- [PROBLEM DETAILS]: If a line in the entries below includes "baths", show that line.

Crawled caption data
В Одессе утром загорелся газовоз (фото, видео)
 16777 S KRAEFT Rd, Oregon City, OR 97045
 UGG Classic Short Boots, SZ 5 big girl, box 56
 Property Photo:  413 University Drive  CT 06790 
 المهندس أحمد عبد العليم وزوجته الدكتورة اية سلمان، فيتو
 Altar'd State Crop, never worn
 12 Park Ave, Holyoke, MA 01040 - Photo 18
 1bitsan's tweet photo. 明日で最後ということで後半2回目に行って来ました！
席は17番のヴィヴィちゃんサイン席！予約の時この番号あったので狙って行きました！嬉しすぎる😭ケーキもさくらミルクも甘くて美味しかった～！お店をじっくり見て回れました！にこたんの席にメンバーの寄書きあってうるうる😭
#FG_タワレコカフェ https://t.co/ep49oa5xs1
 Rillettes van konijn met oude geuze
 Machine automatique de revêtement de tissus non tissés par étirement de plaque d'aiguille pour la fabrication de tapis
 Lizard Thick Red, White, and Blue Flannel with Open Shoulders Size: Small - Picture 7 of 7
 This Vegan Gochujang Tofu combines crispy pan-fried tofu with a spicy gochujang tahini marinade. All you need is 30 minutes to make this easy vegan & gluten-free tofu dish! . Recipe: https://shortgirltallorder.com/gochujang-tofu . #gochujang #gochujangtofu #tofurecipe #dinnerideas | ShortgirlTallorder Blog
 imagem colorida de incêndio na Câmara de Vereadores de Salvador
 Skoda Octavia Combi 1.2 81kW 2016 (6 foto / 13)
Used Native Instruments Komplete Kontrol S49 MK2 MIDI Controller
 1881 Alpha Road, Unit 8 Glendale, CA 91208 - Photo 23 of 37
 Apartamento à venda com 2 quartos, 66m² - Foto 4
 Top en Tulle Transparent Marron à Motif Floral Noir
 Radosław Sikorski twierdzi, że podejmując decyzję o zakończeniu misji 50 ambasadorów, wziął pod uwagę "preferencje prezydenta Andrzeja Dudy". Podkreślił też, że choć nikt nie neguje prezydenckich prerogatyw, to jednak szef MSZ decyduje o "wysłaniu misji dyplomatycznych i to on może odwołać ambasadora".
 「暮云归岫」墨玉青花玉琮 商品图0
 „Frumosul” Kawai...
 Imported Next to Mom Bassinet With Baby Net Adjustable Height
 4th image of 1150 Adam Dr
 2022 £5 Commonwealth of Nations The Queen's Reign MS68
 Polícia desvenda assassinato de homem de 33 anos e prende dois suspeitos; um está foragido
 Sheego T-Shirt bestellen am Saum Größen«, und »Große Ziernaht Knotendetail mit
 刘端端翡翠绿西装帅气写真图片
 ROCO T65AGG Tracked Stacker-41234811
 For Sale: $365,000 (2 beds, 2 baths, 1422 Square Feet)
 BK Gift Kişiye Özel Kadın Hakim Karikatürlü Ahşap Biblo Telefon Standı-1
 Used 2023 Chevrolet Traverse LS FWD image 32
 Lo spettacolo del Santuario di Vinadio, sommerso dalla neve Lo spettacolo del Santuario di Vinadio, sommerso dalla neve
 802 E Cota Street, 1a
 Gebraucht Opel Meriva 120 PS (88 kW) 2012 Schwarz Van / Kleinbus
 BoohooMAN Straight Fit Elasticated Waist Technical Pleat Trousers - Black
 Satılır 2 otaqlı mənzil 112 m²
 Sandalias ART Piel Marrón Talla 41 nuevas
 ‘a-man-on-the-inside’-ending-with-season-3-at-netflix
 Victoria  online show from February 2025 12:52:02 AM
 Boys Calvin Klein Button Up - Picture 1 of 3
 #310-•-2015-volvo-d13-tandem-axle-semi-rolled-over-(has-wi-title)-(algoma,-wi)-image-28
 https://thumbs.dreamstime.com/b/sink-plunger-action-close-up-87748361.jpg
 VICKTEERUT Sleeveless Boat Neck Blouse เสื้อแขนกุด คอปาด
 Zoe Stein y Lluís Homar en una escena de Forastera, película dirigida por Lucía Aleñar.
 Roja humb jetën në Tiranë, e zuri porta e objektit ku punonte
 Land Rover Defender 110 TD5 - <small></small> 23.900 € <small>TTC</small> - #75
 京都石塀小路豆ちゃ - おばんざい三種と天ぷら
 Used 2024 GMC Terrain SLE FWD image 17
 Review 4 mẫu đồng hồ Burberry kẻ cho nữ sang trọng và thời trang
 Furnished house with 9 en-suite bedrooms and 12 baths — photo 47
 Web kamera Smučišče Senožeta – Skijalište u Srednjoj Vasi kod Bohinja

- [ANSWER SECTION]:
 For Sale: $365,000 (2 beds, 2 baths, 1422 Square Feet)
 Furnished house with 9 en-suite bedrooms and 12 baths — photo 47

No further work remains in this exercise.